William Brangham has been looking into their positions on K-12 education for our Promises and Policies series, and he joins us now.
Good to see you, William.
William Brangham:
So education policy has not at all been a major focus of this campaign season. Do you have a sense of why that is?
On some level, I think it's a reflection of the electorate, and the polls show that the economy and immigration are top issues, I mean, for Democrats, also the worry about democracy.
I mean, at both the vice presidential and presidential debate, not one question asked about education, not one answer or issue offered about it, except for a brief mention of school shootings, which is kind of the opposite of education.
It is striking, though, given we are seeing this drop in the ability of fourth graders and eighth graders to do basic math and to read at a grade level, that this is not more of a national issue. When education is being discussed in this campaign, it is most often the things that Donald Trump has been focusing on.
And that's, number one, the fight over school curriculums and the teaching specifically of history and race and gender and the fight over school choice and whether parents should have public school money to do with as they please.

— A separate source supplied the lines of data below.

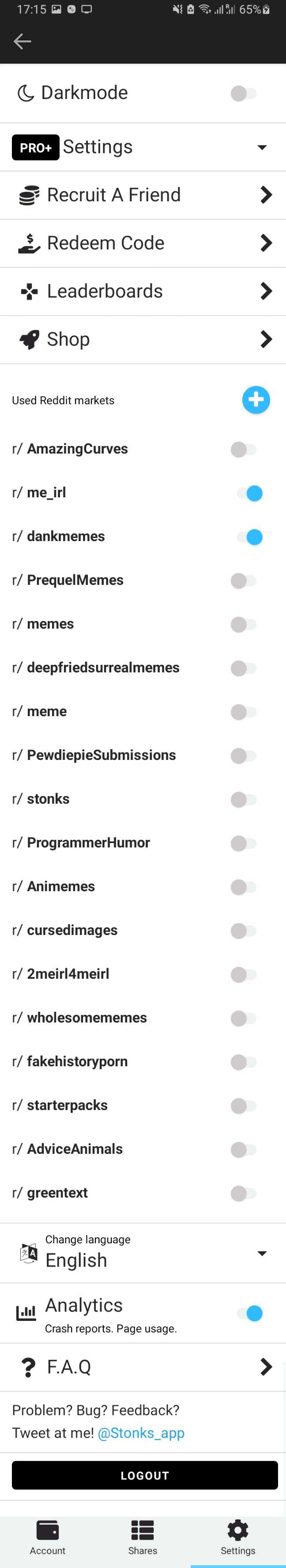 StonksPro App Settings Page Light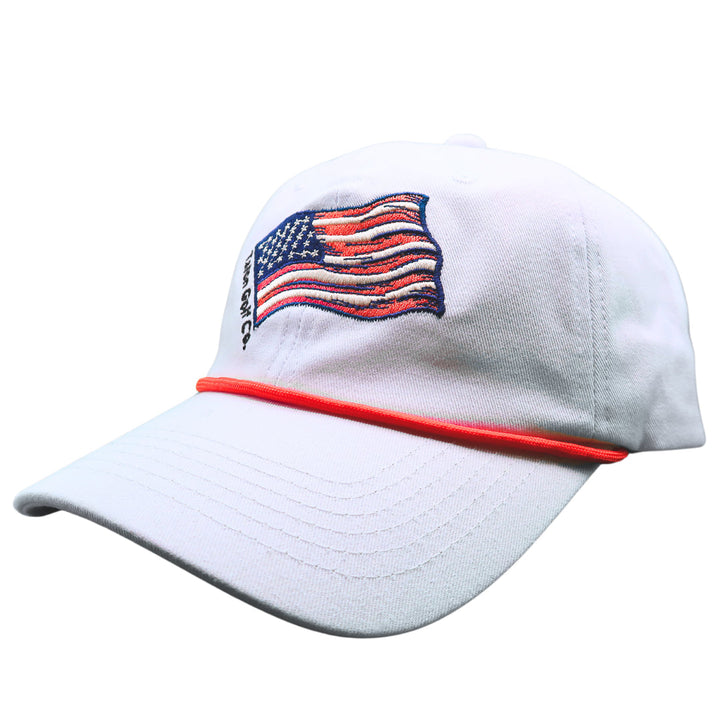 American Flag Baseball Hat with Red Rope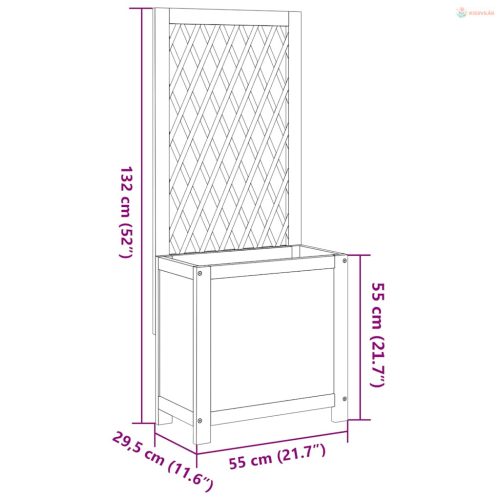 Tömör akácfa rácsos ültetőláda 55 x 29,5 x 132 cm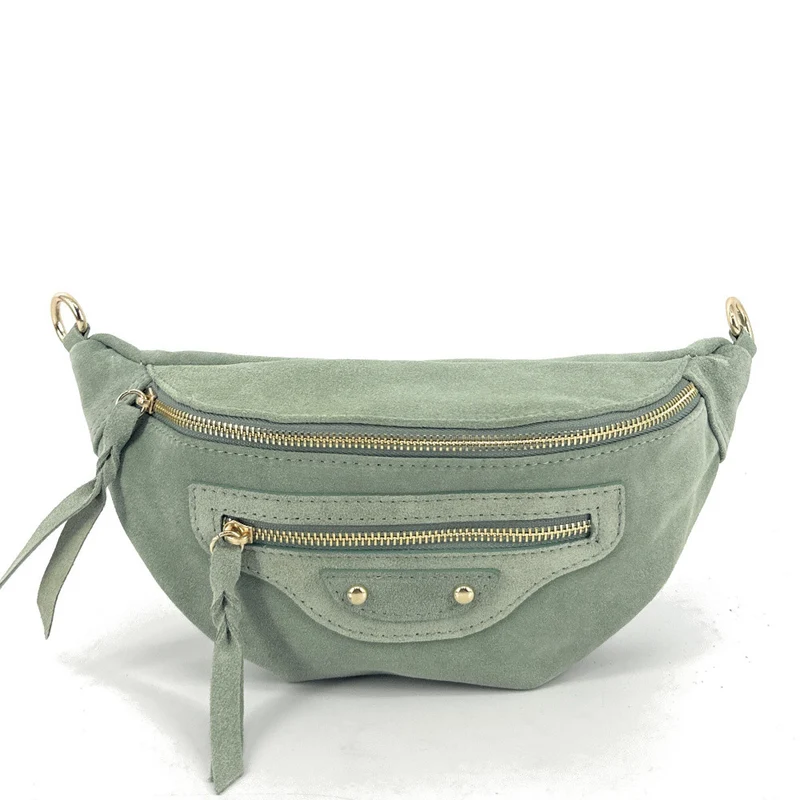 Sac banane en daim LOUKA Vert amande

So let's just talk about where each of the candidates stand then. Let's start with former President Trump.
What are his plans for education if he were to win reelection?
Trump has some contradictory ideas on this front. On one hand he says, I want to destroy, get rid of the Department of Education, which is the primary way that a president could enact education policy.
Republicans have talked about doing this for years. It goes back to Reagan. When Trump was president, he tried to do it. Didn't work. So that's, one, his stated goal, to get out of the federal government being involved in education, let parents handle it.
But then he also wants to have very granular attention to what is being taught in schools. I mean, he says he wants his education secretary to examine the curriculum of tens of thousands of public schools around the country to make sure they're not teaching what he says is woke ideology.
He talks a lot about this, that public schools are somehow brainwashing children and that he's going to cut their money if they do that. Now, presidents don't necessarily have that power, but this is something he talks about a lot.
One extreme example of this, Donald Trump has repeatedly sketched out this nonexistent scenario where a child goes to school in the morning, and somehow school officials do some sort of procedure to change that child's gender and sends home — again, without the parents' consent, and sends home a different child at the end of the day.
Again, there is no evidence of this kind of a thing happening, but this is often how he talks about these things. Here's him speaking to a group of Christian leaders.
Donald Trump, Former President of the United States (R) and Current U.S. Presidential Candidate: On day one, I will sign an executive order banning schools from promoting Critical Race Theory or transgender insanity.
Donald Trump:
I will take historic action to defeat the toxic poison of gender ideology and reaffirm that God created two genders, male and female. I will keep men out of women's sports.
So, William, you also mentioned school choice. We know that's something former President Trump has been a big proponent of, and that was something he pushed for when he was president, right?
This is the idea of letting parents take taxpayer school funded money and pay for private school or religious school or use it for homeschooling. Betsy DeVos, his previous education secretary, tried to do this. It was — failed at doing that. Trump also wants to give parents the ability to fire teachers and to reduce tenure protections.
Again, these are not a lot of things that the presidents have power to do, but Trump is clearly signaling here that he wants to get the federal government out of this, he wants to put parents back in charge, and that he will be some sort of federal enforcer.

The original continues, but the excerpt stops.